Documentation
¶
Overview ¶
Package memory implements the Memory Manager for Orla's agentic serving layer. It owns the KV cache lifecycle across workflow stage transitions, making cache preserve/flush decisions based on workflow-level signals that are invisible to request-level serving systems.
Index ¶
- type BackendCacheEntry
- type CacheAction
- type CacheActionType
- type CacheController
- type DefaultManager
- func (m *DefaultManager) ClearInflight(backend, requestID string)
- func (m *DefaultManager) DeregisterWorkflow(workflowID string)

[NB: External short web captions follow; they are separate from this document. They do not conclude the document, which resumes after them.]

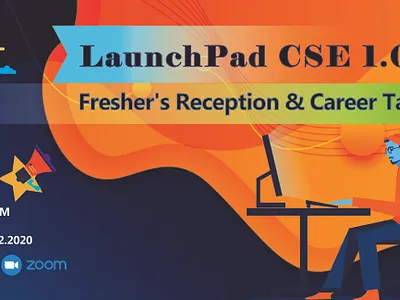 LaunchPad CSE 1.0 Event Organized by JU Computer Club branding graphic design
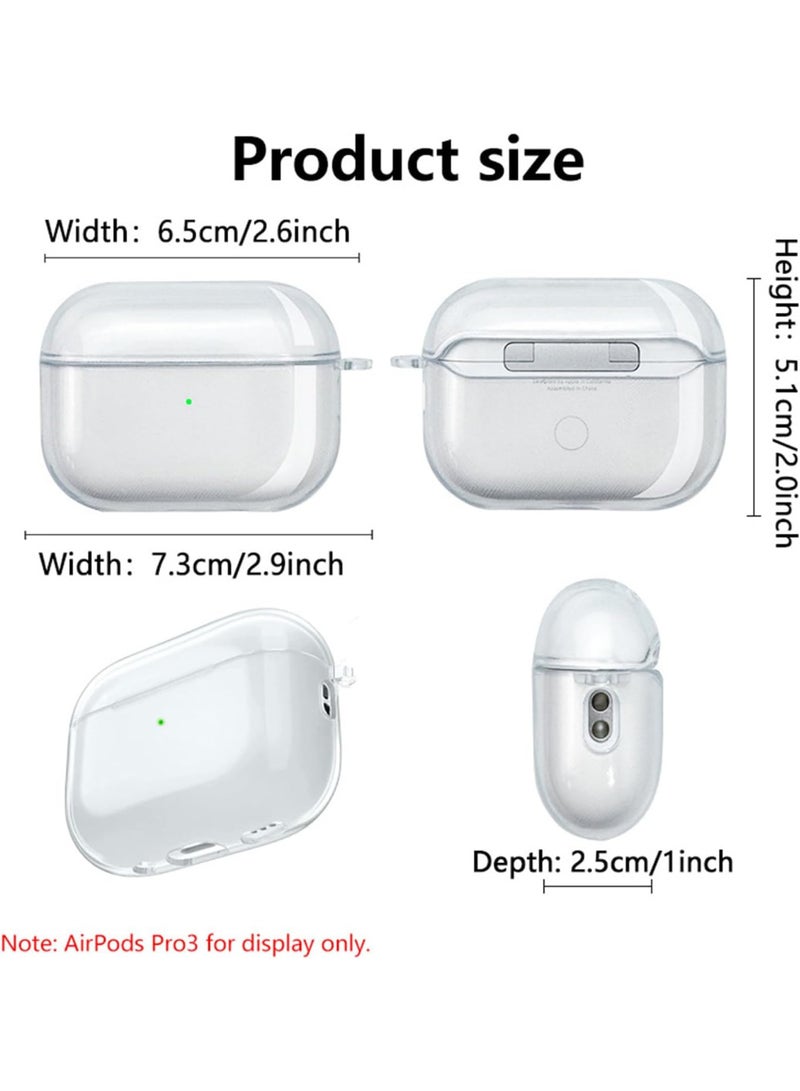 for AirPods Pro 3 Clear Case 2025, Military-Grade Shockproof, Soft TPU Highly Transparent Anti-Yellowing for AirPods Pro3 Case with Lanyard (Case With Lanyard) - Image 5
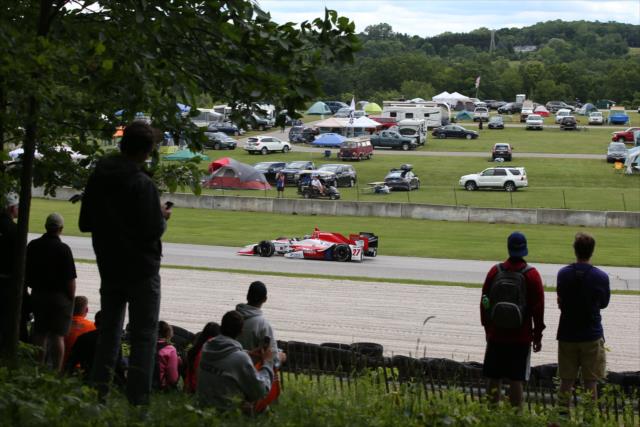 Marco Andretti rolls through the Turn 9 Carousel turn during the KOHLER Grand Prix at Road America -- Photo by: Chris Jones
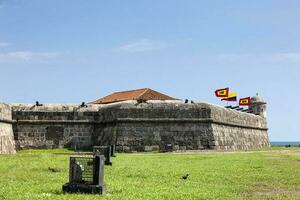 Walls of Cartagena de Indias built at the end of the XVI century for the defense of the city photo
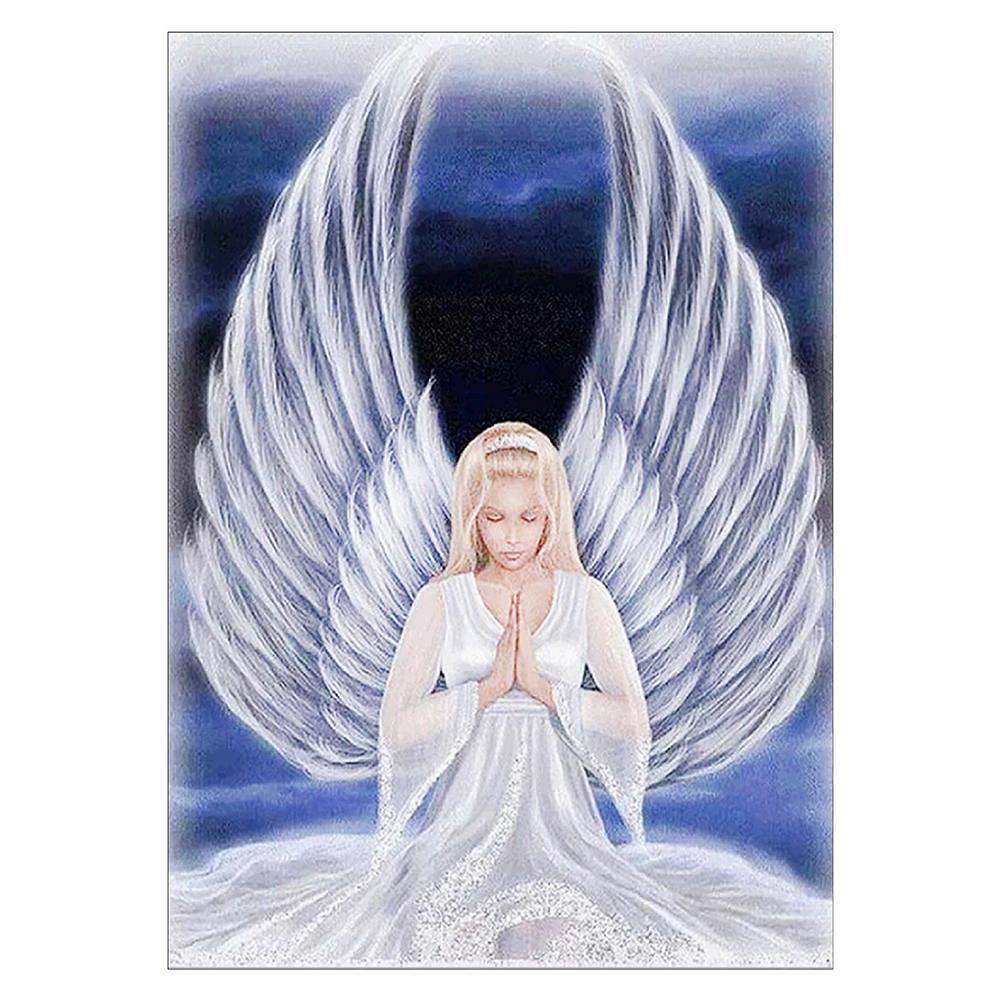 Ailes d’ange - diamant rond complet - 30x40cm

- func (m *DefaultManager) OnMemoryPressure(_ context.Context, backend string, pressure float64) []CacheAction
- func (m *DefaultManager) OnTransition(ctx context.Context, signal StageTransition) CacheAction
- func (m *DefaultManager) RecordInflight(req InflightRequest)
- func (m *DefaultManager) RegisterCacheController(backend string, cc CacheController)
- func (m *DefaultManager) RegisterWorkflow(workflowID string)
- func (m *DefaultManager) StartPressureMonitor(ctx context.Context, backendsFn func() []string, interval time.Duration)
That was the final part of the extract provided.